La question des déchets liés à l’industrialisation est un point sensible tout comme celle du gaspillage alimentaire tant ils représentent des chiffres conséquents ; sans comptabiliser les pertes de la production agricole, plus de 10 millions de tonnes de nourriture en France par an sont perdus. En France, des organismes comme l’Agence de l’Environnement et la Maîtrise de l’Energie, l’ADEME se mobilisent pour mettre en œuvre des solutions et défendre l’environnement. Celle des Projets Alimentaires Territoriaux (PAT), élaborés de manière concertée avec l’ensemble des acteurs de la filière agro-alimentaire d’un territoire, consistent à définir un cadre stratégique et opérationnel pour des actions partenariales dans le domaine de l’alimentation. Les PAT, portés majoritairement par des collectivités territoriales, ont pour but d’inciter les usages en faveur d’une alimentation locale, responsable, respectueuse de l’environnement et de bonne qualité. En effet, les circuits courts se sont développés et représentaient en 2010, 107 000 exploitants, soit 21% des exploitations françaises avec de fortes disparités régionales et 6 à 7 % des achats alimentaires en France.
Les circuits courts ont été reconnus comme favorisant la proximité (Cécile Praly&co, 2009) engendrant de nombreux bénéfices économiques et sociaux pour les producteurs et les consommateurs : par exemple, selon l’ADEME, de meilleures marges et une reconnaissance de son travail pour le producteur, une meilleure répartition de la valeur ajoutée, un renforcement du lien social, le maintien d’emplois locaux, un aspect pédagogique pour les consommateurs et leurs proches etc… Par ailleurs, la thèse Guillaume Le Borgne (2015) met en évidence les effets positifs d’une sensibilisation anti-gaspillage auprès du consommateur, celle d’Amélie Gonçalves en 2013 analyse la performance économique des circuits courts en étudiant les déterminants de la logistique de distribution et présentant des leviers d’amélioration.
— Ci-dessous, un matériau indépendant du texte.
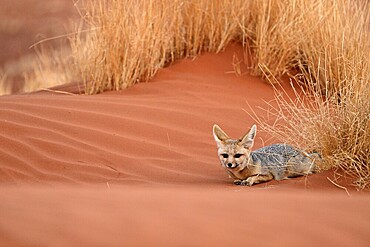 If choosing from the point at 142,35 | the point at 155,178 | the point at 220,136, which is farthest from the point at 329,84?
the point at 155,178

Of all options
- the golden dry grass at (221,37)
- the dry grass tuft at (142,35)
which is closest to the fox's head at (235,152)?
the golden dry grass at (221,37)

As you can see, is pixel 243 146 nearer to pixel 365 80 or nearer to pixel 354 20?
pixel 365 80

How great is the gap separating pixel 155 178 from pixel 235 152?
25.5 inches

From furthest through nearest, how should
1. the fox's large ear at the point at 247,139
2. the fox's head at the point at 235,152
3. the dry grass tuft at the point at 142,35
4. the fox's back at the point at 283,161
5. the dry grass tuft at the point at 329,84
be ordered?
the dry grass tuft at the point at 142,35, the fox's large ear at the point at 247,139, the fox's head at the point at 235,152, the fox's back at the point at 283,161, the dry grass tuft at the point at 329,84

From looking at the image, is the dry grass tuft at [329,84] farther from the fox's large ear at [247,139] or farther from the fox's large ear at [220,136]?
the fox's large ear at [220,136]

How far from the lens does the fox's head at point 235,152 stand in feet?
22.1

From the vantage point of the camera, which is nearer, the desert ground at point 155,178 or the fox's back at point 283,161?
the desert ground at point 155,178

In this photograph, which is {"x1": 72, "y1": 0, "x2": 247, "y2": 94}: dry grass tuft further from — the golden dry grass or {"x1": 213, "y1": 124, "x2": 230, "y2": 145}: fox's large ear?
{"x1": 213, "y1": 124, "x2": 230, "y2": 145}: fox's large ear

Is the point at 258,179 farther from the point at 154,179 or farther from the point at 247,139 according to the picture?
the point at 154,179

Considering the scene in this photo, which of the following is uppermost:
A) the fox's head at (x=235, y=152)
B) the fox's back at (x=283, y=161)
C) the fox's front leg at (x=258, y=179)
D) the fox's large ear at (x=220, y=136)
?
the fox's large ear at (x=220, y=136)

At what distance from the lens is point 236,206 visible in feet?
16.2

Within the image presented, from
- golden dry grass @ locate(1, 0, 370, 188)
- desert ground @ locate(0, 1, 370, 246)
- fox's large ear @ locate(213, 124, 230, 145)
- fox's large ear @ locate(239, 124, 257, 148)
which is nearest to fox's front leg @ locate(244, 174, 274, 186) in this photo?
desert ground @ locate(0, 1, 370, 246)

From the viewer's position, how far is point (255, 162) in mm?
6867

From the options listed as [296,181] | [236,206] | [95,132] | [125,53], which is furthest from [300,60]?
[236,206] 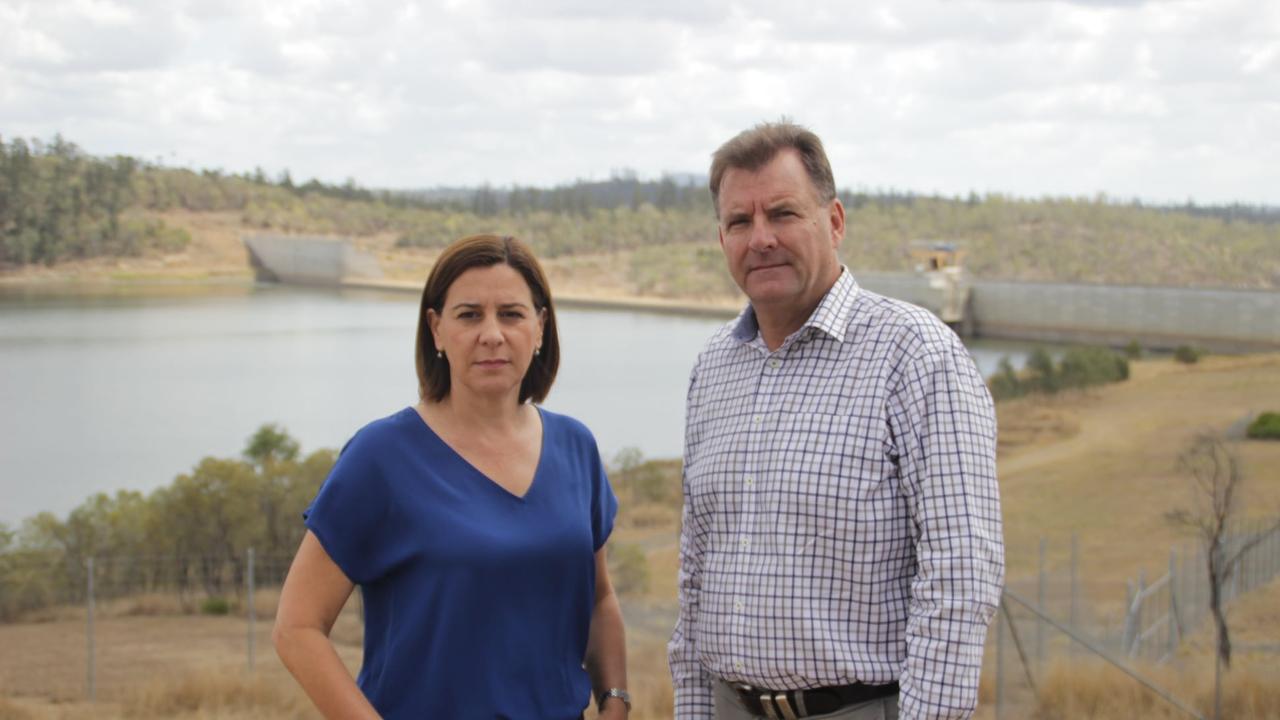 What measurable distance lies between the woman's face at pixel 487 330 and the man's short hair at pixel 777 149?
1.16 ft

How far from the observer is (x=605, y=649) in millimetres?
2027

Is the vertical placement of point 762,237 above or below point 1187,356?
above

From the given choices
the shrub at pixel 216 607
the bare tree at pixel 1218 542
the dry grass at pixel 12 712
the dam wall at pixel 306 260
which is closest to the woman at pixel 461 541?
the bare tree at pixel 1218 542

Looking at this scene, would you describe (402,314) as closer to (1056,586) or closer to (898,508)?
(1056,586)

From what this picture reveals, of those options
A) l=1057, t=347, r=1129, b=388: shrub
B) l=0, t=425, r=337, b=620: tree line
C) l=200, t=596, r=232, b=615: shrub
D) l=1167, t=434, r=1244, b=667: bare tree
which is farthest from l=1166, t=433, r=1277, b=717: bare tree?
l=1057, t=347, r=1129, b=388: shrub

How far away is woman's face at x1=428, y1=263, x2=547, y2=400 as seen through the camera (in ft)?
6.17

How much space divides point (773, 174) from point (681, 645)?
79 centimetres

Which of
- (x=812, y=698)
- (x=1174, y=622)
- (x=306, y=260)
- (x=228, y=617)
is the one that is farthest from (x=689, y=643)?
(x=306, y=260)

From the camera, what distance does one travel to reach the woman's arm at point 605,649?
2027mm

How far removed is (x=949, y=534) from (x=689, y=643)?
55 centimetres

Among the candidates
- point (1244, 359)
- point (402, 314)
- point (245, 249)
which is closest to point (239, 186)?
point (245, 249)

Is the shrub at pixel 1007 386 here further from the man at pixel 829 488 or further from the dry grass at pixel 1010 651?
the man at pixel 829 488

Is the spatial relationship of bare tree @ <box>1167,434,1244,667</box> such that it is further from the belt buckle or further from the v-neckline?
the v-neckline

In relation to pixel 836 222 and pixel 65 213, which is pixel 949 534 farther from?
pixel 65 213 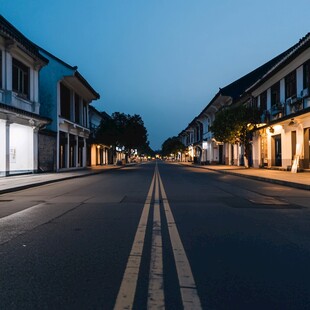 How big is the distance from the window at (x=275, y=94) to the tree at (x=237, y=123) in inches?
80.5

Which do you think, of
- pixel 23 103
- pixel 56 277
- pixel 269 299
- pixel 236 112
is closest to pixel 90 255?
pixel 56 277

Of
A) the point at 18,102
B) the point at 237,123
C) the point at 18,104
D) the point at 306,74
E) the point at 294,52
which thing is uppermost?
the point at 294,52

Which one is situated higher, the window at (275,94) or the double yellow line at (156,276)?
the window at (275,94)

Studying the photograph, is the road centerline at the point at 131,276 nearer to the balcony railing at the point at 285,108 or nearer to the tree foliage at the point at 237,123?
the balcony railing at the point at 285,108

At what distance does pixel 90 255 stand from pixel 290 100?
25609 millimetres

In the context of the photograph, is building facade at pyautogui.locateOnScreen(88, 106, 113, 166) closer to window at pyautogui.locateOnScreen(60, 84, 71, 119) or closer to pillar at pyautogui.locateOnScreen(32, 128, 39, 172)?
window at pyautogui.locateOnScreen(60, 84, 71, 119)

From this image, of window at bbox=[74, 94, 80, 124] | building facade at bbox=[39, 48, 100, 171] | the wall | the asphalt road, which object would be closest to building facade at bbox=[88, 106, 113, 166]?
window at bbox=[74, 94, 80, 124]

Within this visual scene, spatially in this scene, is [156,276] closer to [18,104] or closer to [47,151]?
[18,104]

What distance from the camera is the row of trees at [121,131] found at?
51469 mm

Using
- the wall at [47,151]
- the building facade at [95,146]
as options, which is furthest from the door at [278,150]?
the building facade at [95,146]

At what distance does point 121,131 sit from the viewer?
5988 cm

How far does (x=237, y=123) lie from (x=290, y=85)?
6601 millimetres

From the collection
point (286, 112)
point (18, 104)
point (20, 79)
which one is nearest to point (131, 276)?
point (18, 104)

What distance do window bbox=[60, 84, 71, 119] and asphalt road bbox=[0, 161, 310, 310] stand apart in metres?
26.5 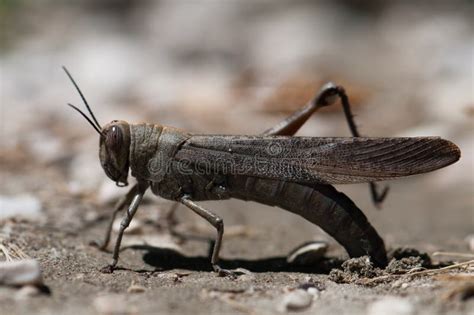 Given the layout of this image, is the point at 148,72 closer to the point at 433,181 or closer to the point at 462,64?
the point at 462,64

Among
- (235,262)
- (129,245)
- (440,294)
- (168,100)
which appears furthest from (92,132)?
(440,294)

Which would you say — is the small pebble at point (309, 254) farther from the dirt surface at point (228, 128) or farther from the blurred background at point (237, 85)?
the blurred background at point (237, 85)

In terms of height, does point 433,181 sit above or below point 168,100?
below

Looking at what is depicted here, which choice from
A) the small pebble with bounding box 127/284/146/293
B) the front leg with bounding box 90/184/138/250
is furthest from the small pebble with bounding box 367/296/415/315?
the front leg with bounding box 90/184/138/250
D’autres études comme la thèse en sociologie de Pierre Naves en 2016 montre qu’une relocalisation des circuits de distribution, correspond plutôt, en réalité, à une évolution des dynamiques de qualification, marquée par la stabilisation du « local » comme une nouvelle institution marchande.
L’usage des circuits courts selon lui, est stratégique permettant aux titulaires du gouvernement de conserver la mainmise sur la définition des enjeux légitimes à traiter, en particulier ceux relatifs aux modèles de développement agricoles à soutenir et encourager. Ces exemples illustrent le fait que les circuits courts se développent avec leurs limites. C’est pourquoi d’autres acteurs ont choisi de se saisir des déchets alimentaires comme matière première afin de limiter le gaspillage. C’est le cas de l’association HANDICAP TRAVAIL SOLIDARITE (HTS) qui valorise des invendus alimentaires collectés chez les producteurs, grossistes, Grandes et moyennes surfaces (GMS), boulangeries, Sociétés de restauration (SDR) en vue de les transformer en produits à destination de la consommation humaine et d’autres, pour la nourriture animale. C
ette activité a été renforcée par la loi de lutte contre le gaspillage alimentaire, adoptée à l’unanimité au Sénat (après l’avoir été dans les mêmes termes à l’Assemblée nationale). Elle oblige la grande distribution à distribuer les invendus alimentaires qu’elle jetait auparavant. Ce nouveau fonctionnement est étudié (Lucille Faucon, 2016) comme une innovation en France. Par ailleurs, l’objectif de HTS (existant depuis 2013) est de développer des actions permettant de créer et/ou de maintenir des emplois destinés aux personnes les plus lourdement handicapées. Ainsi, HTS croise une problématique sociétale (lutte contre le gaspillage) avec une problématique technico-industrielle (logistique et production agro-alimentaire) avec une autre sociale (l’emploi de personnes handicapées) relevant de l’innovation sociale (définition du CRISES).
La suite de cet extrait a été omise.